I'm worried that the city of Strasbourg gets a raw deal in these columns.

So this month, let's have three cheers for lovely Strasbourg, with its asparagus festivals and magnificent lop-sided cathedral, and hiss boo for Luxembourg.

For, unbeknownst perhaps to many citizens, the EU invented not just the Strasbourg travelling circus, which takes members of the European Parliament to the Alsatian capital for three and a half days a month, but the Luxembourg circus too.

Every October (and every April and June) all ministerial EU meetings are held not in Brussels but in the wastelands of the Kirchberg plateau in the Grand Duchy.

They are held, moreover, in a dingy Soviet-replica tower block. Or rather, they normally are, but the block is currently closed for refurbishment, the Luxembourg custodians having apparently found some spare cash to do it up. Perhaps their friends down the road at Eurostat helped (see below).

During the renovations, one might have thought the ministers could have met in the purpose-built Brussels HQ of the Council of Ministers, as they do nine months out of 12.

But no, the Luxembourgers, determined to cling to their months in the EU limelight, have commandeered a conference centre as a temporary home for the Council.

So this month, six sets of ministers - finance, foreign, transport, agriculture, employment and environment - from 15 countries (accompanied by their delegations of Brussels-based ambassadors and officials) descended on the EU's smallest country for deliberations which everyone knows would be easier to conduct in Brussels.

The Brussels diplomatic community is as fed up of the shuttling as MEPs are of Strasbourg.


Proper European capital

Yet another reason, you might think, to concentrate all things communautaire in Brussels.

Two people who agree with that sentiment are Romano Prodi, president of the Commission, and Guy Verhofstadt, prime minister of Belgium.

At the beginning of the month, Prodi reproached Brussels for not turning itself into a proper Capital of Europe.
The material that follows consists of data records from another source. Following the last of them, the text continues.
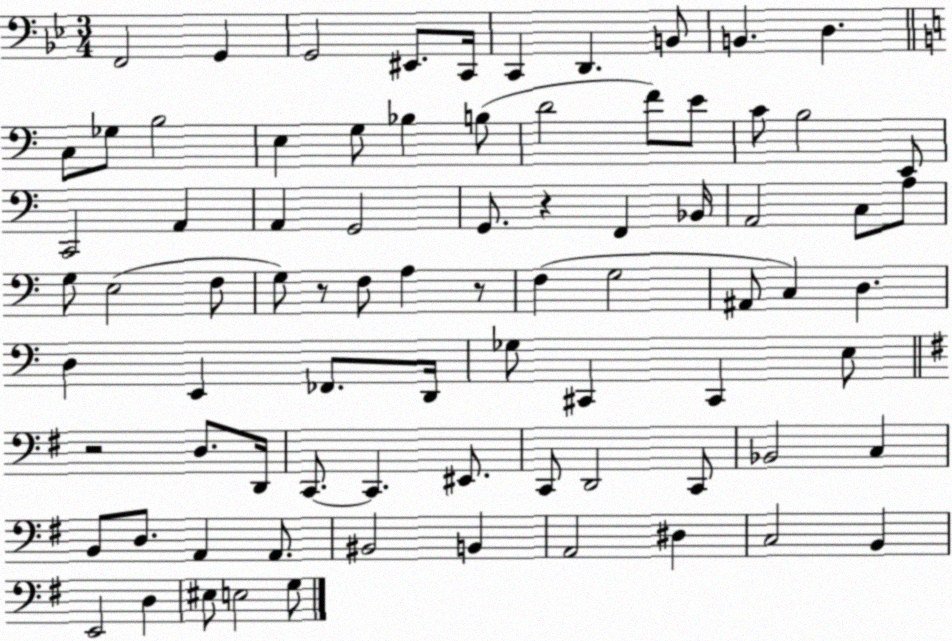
X:1
T:Untitled
M:3/4
L:1/4
K:Bb
F,,2 G,, G,,2 ^E,,/2 C,,/4 C,, D,, B,,/2 B,, D, C,/2 _G,/2 B,2 E, G,/2 _B, B,/2 D2 F/2 E/2 C/2 B,2 E,,/2 C,,2 A,, A,, G,,2 G,,/2 z F,, _B,,/4 A,,2 C,/2 A,/2 G,/2 E,2 F,/2 G,/2 z/2 F,/2 A, z/2 F, G,2 ^A,,/2 C, D, D, E,, _F,,/2 D,,/4 _G,/2 ^C,, ^C,, E,/2 z2 D,/2 D,,/4 C,,/2 C,, ^E,,/2 C,,/2 D,,2 C,,/2 _B,,2 C, B,,/2 D,/2 A,, A,,/2 ^B,,2 B,, A,,2 ^D, C,2 B,, E,,2 D, ^E,/2 E,2 G,/2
Verhfostadt responded with a 133-point plan to do just that.

It's a plan for the redevelopment of the so-called European Quarter, which the authors say should "reconcile the people of Brussels with Europe and involve Europeans in the fate of their capital". Now there's a task.

One can only hope it doesn't involve pulling down the few old Bruxellois town houses left standing by earlier developers.


Enterprising horse play?

Before we leave Luxembourg, however, let us not forget that it is home not only to the Council of Ministers, some of the time, but also to a bit of the European Parliament (its administrative offices, conveniently situated halfway between the actual debating chambers in Brussels and Strasbourg).

Horse and rider
Questionable payments were made to "equestrian clubs"
Then it has the EU's translation services, the Court of Auditors, and the European Court of Justice.
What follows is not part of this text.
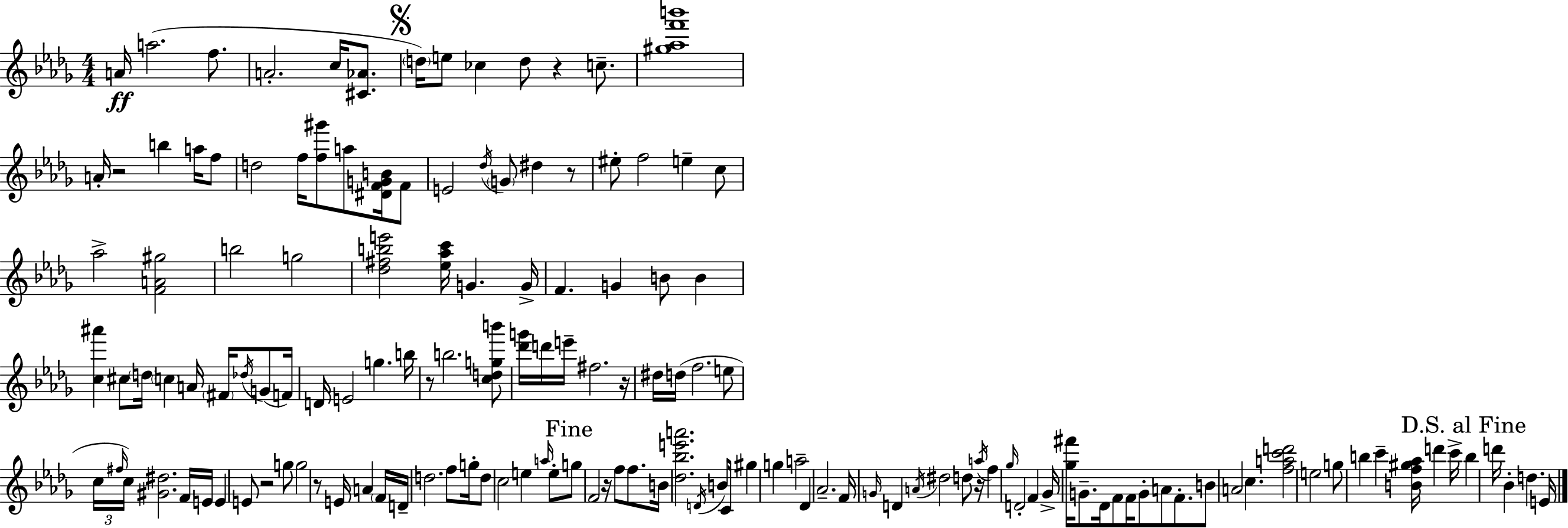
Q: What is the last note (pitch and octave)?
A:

And Eurostat, the EU's troubled statistical agency, where auditors this month said 4.5m euros had gone missing in "a vast enterprise of looting" by senior officials in Luxembourg.

According to a leaked report, contracts and records were missing, questionable payments made to "equestrian clubs", and slush funds used to "get jobs done".
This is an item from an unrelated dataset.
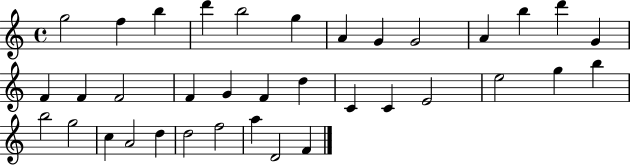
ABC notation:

All this on top of the scandal already surrounding Eurostat's director general, who is currently under investigation over allegations of double accounting and secret bank accounts.

I think this is all perhaps a little too much for little Luxembourg to cope with. Next year Malta (population 394,000, compared to Luxembourg's 453,000) joins the EU. Time, surely, to hive off an institution to the Mediterranean island (at least for a month or two per year).


Good neighbours

Highlight of the month was the debut of Chancellor Schroeder's new spokesman, Herr Chirac, at the Brussels summit.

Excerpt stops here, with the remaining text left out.